The Offering is subject to certain conditions including, but not limited to, the receipt of all necessary approvals, including the conditional approval of the TSX Venture Exchange (the “TSXV”).
The Company anticipates using the proceeds of the Offering as follows:
Repay Existing Secured Loans
$
593,120
Proposed Insentra Acquisition (see below) – Upfront Payment
$
2,000,000
Insentra Audit
$
50,000
Legal costs – Turnium
$
475,000
Accounts Payable
$
440,000
Fiscal Year 2025 Audit
$
150,000
Sales & Marketing
$
100,000
Research and Development
$
100,000
Alto Capital – Finder’s Fee
$
120,000
General Working Capital
$
621,880
$2,000,000 of the Offering, which is anticipated to be used for the proposed Insentra Acquisition (see above and below for an update), is conditional upon each investor in the Offering: (i) acknowledging that the proposed Insentra Acquisition is subject to approval by the TSXV and (ii) is willing to advance the funds intended for the proposed Insentra Acquisition prior to the approval of the TSXV of the proposed Insentra Acquisition, even though such TSXV approval is not guaranteed in the circumstances. See below for “Update on the Proposed Insentra Acquisition.”

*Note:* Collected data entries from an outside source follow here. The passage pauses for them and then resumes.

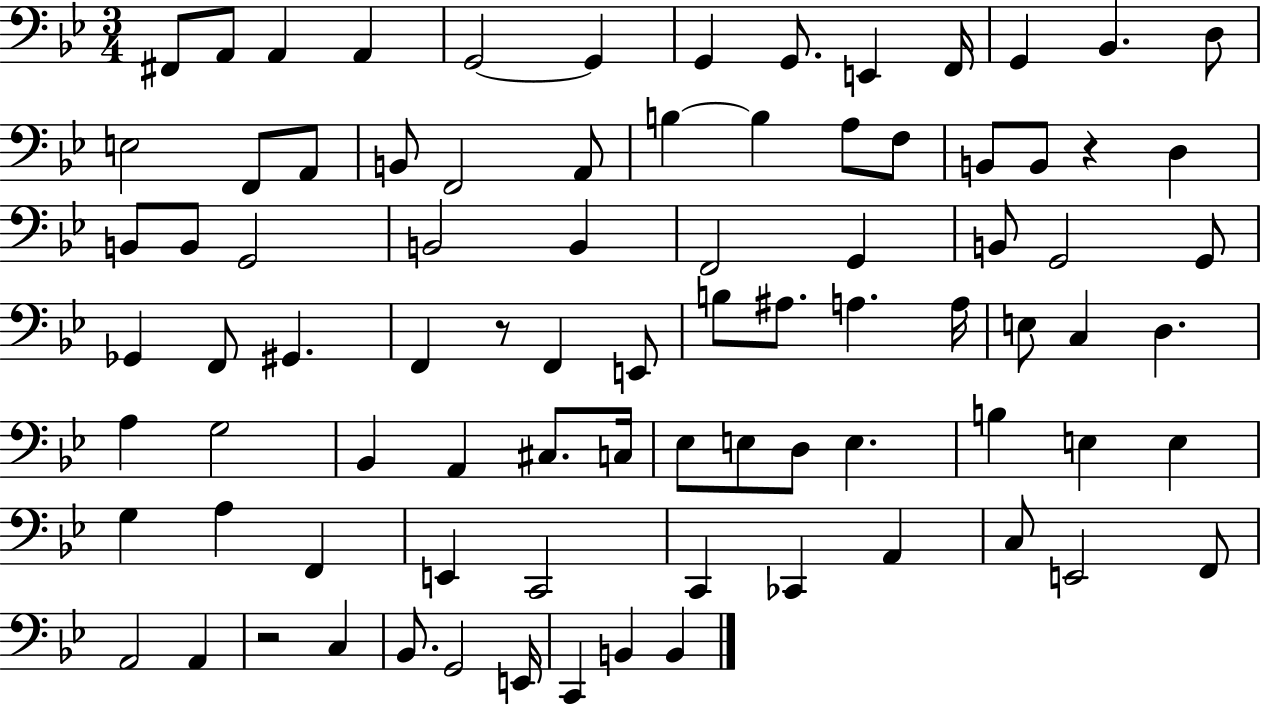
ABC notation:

X:1
T:Untitled
M:3/4
L:1/4
K:Bb
^F,,/2 A,,/2 A,, A,, G,,2 G,, G,, G,,/2 E,, F,,/4 G,, _B,, D,/2 E,2 F,,/2 A,,/2 B,,/2 F,,2 A,,/2 B, B, A,/2 F,/2 B,,/2 B,,/2 z D, B,,/2 B,,/2 G,,2 B,,2 B,, F,,2 G,, B,,/2 G,,2 G,,/2 _G,, F,,/2 ^G,, F,, z/2 F,, E,,/2 B,/2 ^A,/2 A, A,/4 E,/2 C, D, A, G,2 _B,, A,, ^C,/2 C,/4 _E,/2 E,/2 D,/2 E, B, E, E, G, A, F,, E,, C,,2 C,, _C,, A,, C,/2 E,,2 F,,/2 A,,2 A,, z2 C, _B,,/2 G,,2 E,,/4 C,, B,, B,,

The Debentures will be non-convertible but a secured obligation of the Company by a first ranking security secured against its assets (other than the assets of its Tenacious Networks Inc.) pursuant to a general security agreement. Interest on the principal amount outstanding under each Debenture shall be at the rate of sixteen percent (16%) per annum, calculated as simple interest: (i) accrued on an annual basis and paid monthly, in arrears, commencing on the issuance of this Debenture up to and including the twenty-fourth (24th) month after issuance of the Debenture and (ii) accrued on an monthly basis for the outstanding principal amount and paid monthly, in arrears, commencing on the last day of the twenty-fifth (25th) month after issuance and continuing for each last day of the month for the next eleven (11) months, ending on the Maturity Date.